Purtroppo, sul piano visivo e registico, le note positive si fermano qui. Per ritrovare altri punti a favore dobbiamo spostarci sul montaggio e su alcune interpretazioni attoriali. Per quanto riguarda il primo, risulta ancora una volta notevole la gestione dei piani temporali da parte di Flanagan e dei suoi collaboratori. Espressione migliore di tale abilità la ritroviamo nella quinta puntata, forse la migliore della stagione, che a ritmo serrato e frenetico esaspera l’intercambiabilità dei piani temporali con efficacia.
Sul piano attoriale, impossibile non citare l’incredibile performance del piccolo Benjamin Evan Ainsworth, formidabile nella sua interpretazione di un bambino adultizzato e che trova la sua massima espressione nella scena de “l’ora della storia”.
Bly Manor:ti racconto l’amore, metti da parte l’orrore
La risposta all’impostazione harmony dell’immagine la ritroviamo nella trama. Bly Manor è principalmente il racconto di tante storie d’amore. Qui, forse, ritroviamo l’anello debole della narrazione. Difatti, tramutando la vicenda in un lungo romantico intrecciarsi si è perduto il punto focale e terrorizzante dell’opera originale. Il racconto di Henry James fa delle memorie dell’istitutrice la fonte principale delle inquietudini. L’orrore più grande del romanzo è rappresentato dall’evoluzione della consapevolezza da parte della donna di ciò che sta accadendo ai bambini, in un climax di tormento, dannazione e isteria. L’introduzione dell’elemento sdolcinato annacqua tutta la tensione emotiva della storia, semplicemente perché le scene d’amore fagocitano totalmente quelle dell’orrore.
Pertanto, nonostante la storia di James si presti perfettamente all’approccio tipico di Hill House, Bly Manor, con il suo carattere traditore e zuccherino, non gode della passione, del tormento, della pressione psicologica del suo illustre predecessore; perdendo del tutto quell’impostazione che rendeva, in Hill House, l’orrore così vero, così quotidiano, così reale.
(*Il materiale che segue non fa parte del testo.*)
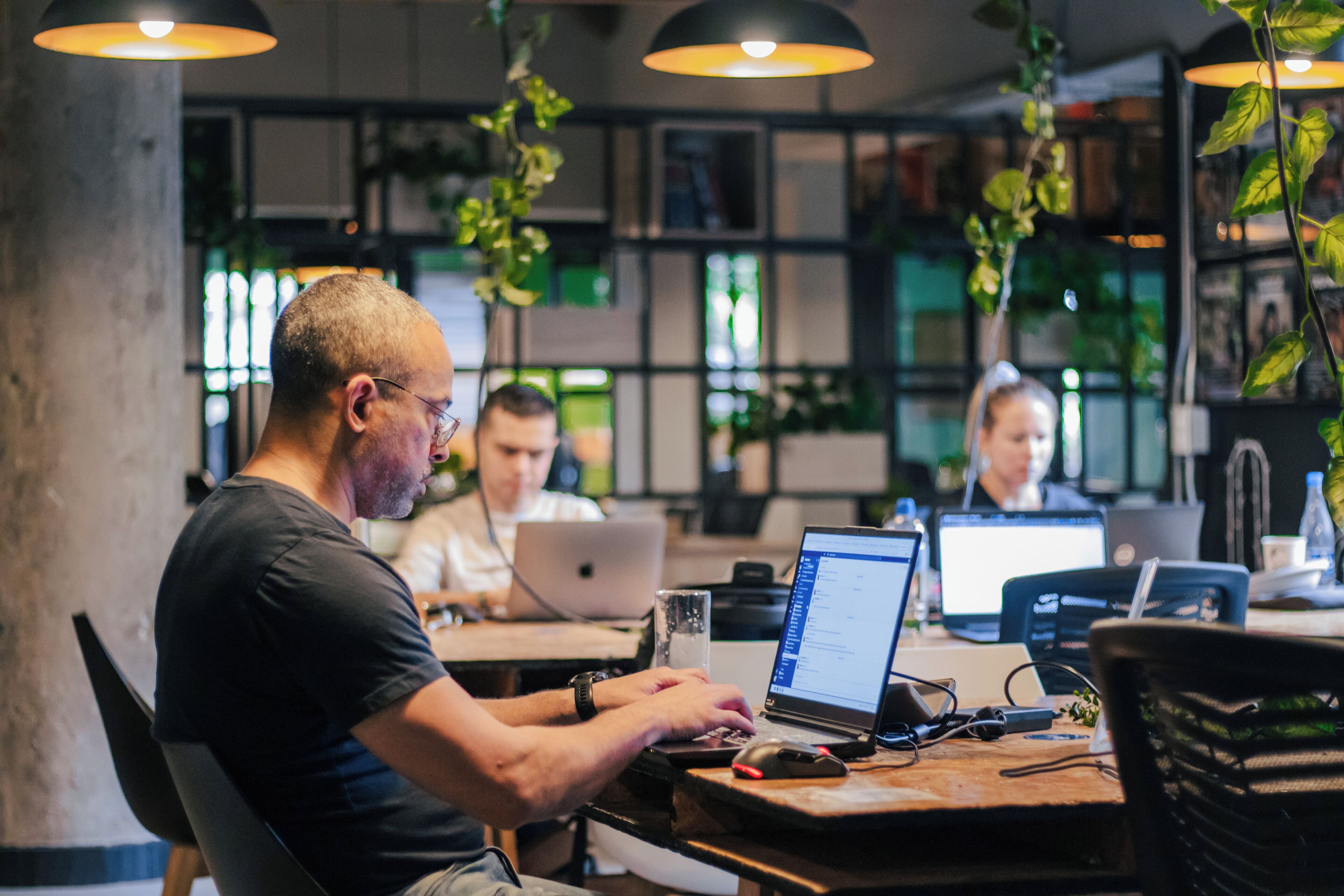 A modern workspace with multiple people working on laptops.
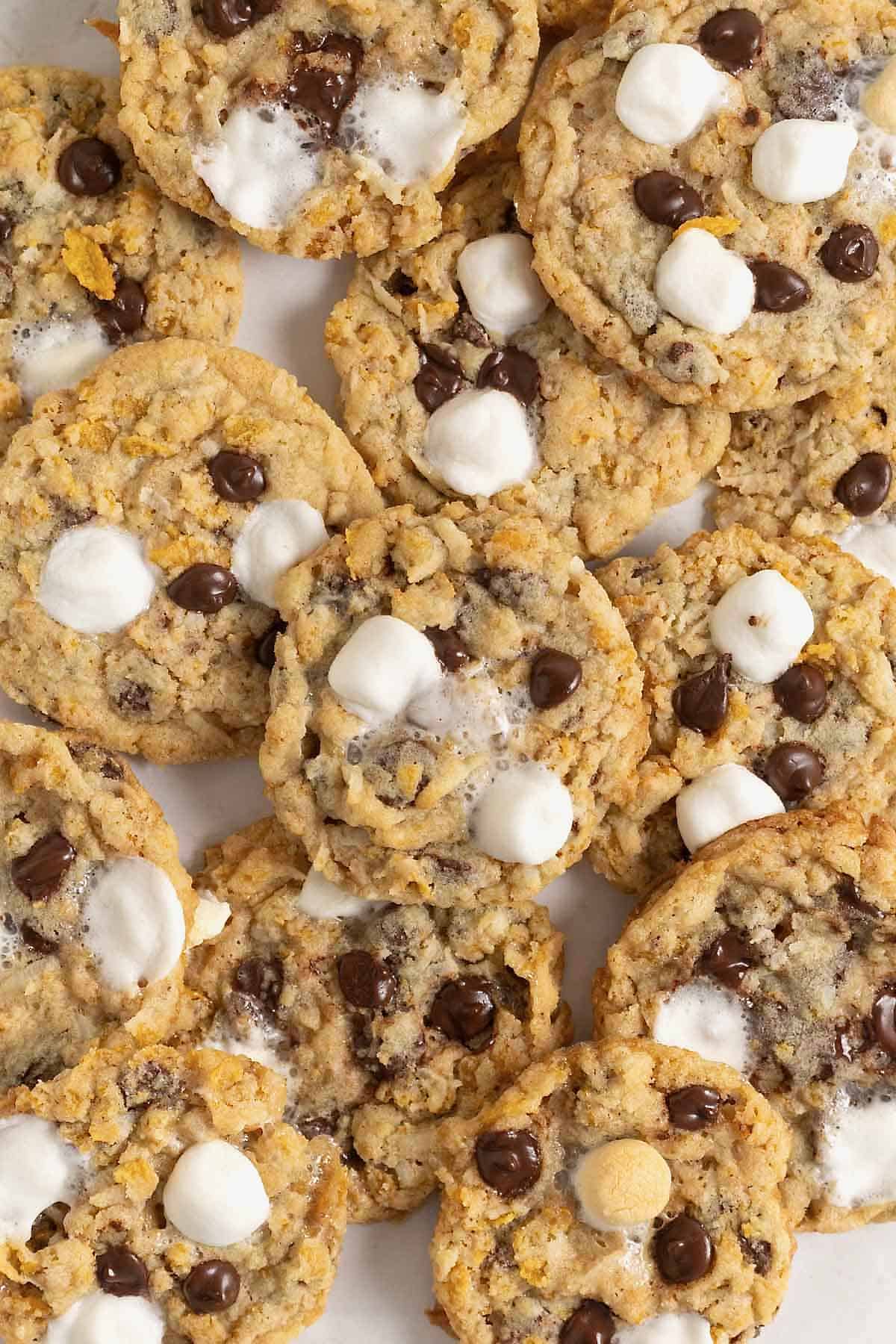 A pile of corn flake cookies with chocolate chips, mini marshmallows and coconut.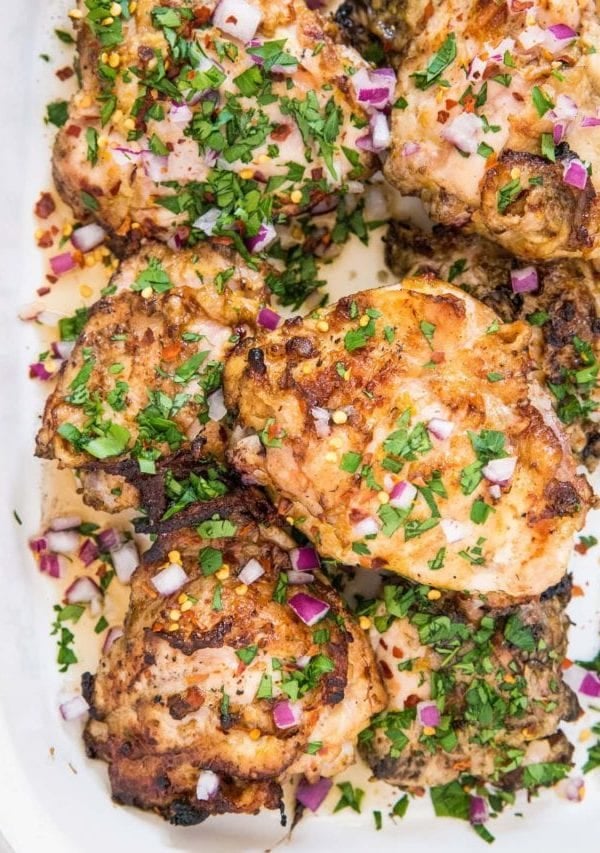 casserole dish of grilled chicken garnished with parsley and red onion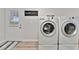 Laundry room featuring a modern washer and dryer on a light floor at 7010 N Hubert Ave, Tampa, FL 33614
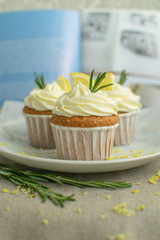 Homemade bakery lemon cupcakes with cheese cream, slice of lemon, branch of rosemary at blue cookbook background at linen tablecloth, selective focus, close up, copy space,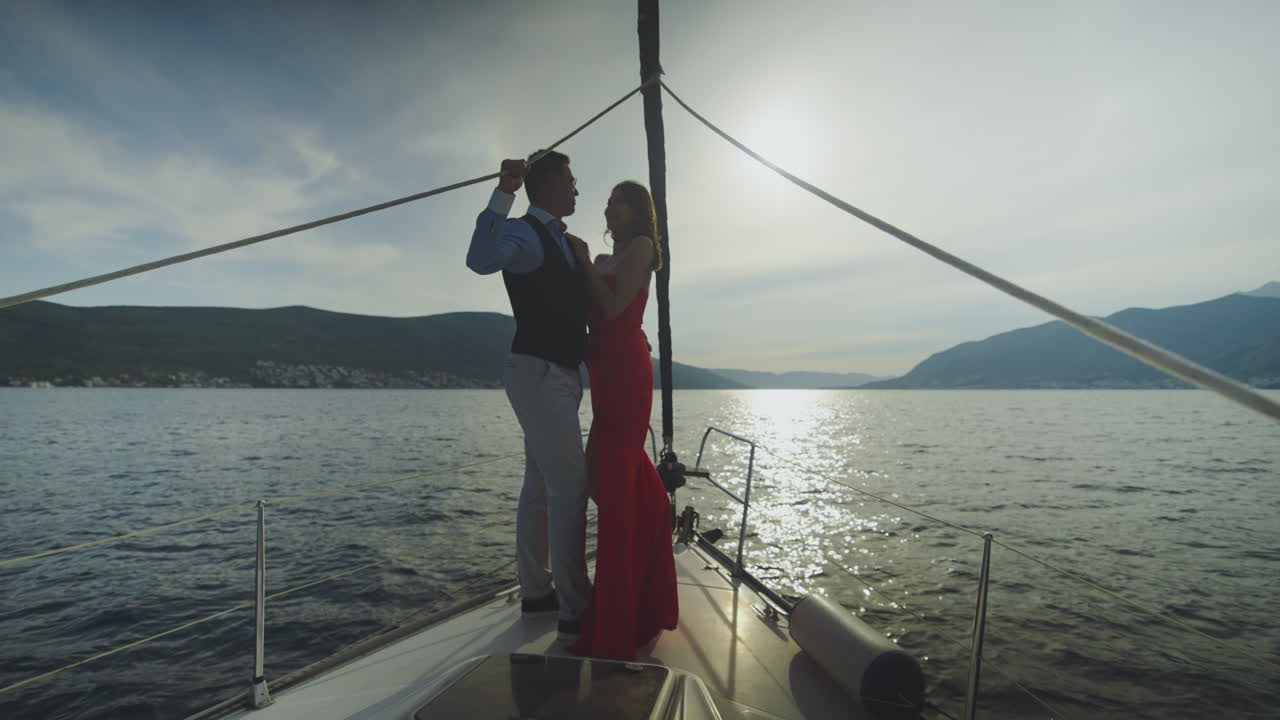 Una pareja en un yate al atardecer.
Inoltre, a insidiare il genere di riferimento, è anche la completa assenza della paura irrazionale, frutto della fervida immaginazione, puramente horror, fatta di fantasmi, case stregate, ombre nascoste, esseri immondi. Bly Manor non fa sobbalzare mai, non inquieta mai, non terrorizza mai. Per una storia dell’orrore equivale a un porno senza sesso.
Riprovaci ancora Mike! Questo periodo buio passerà.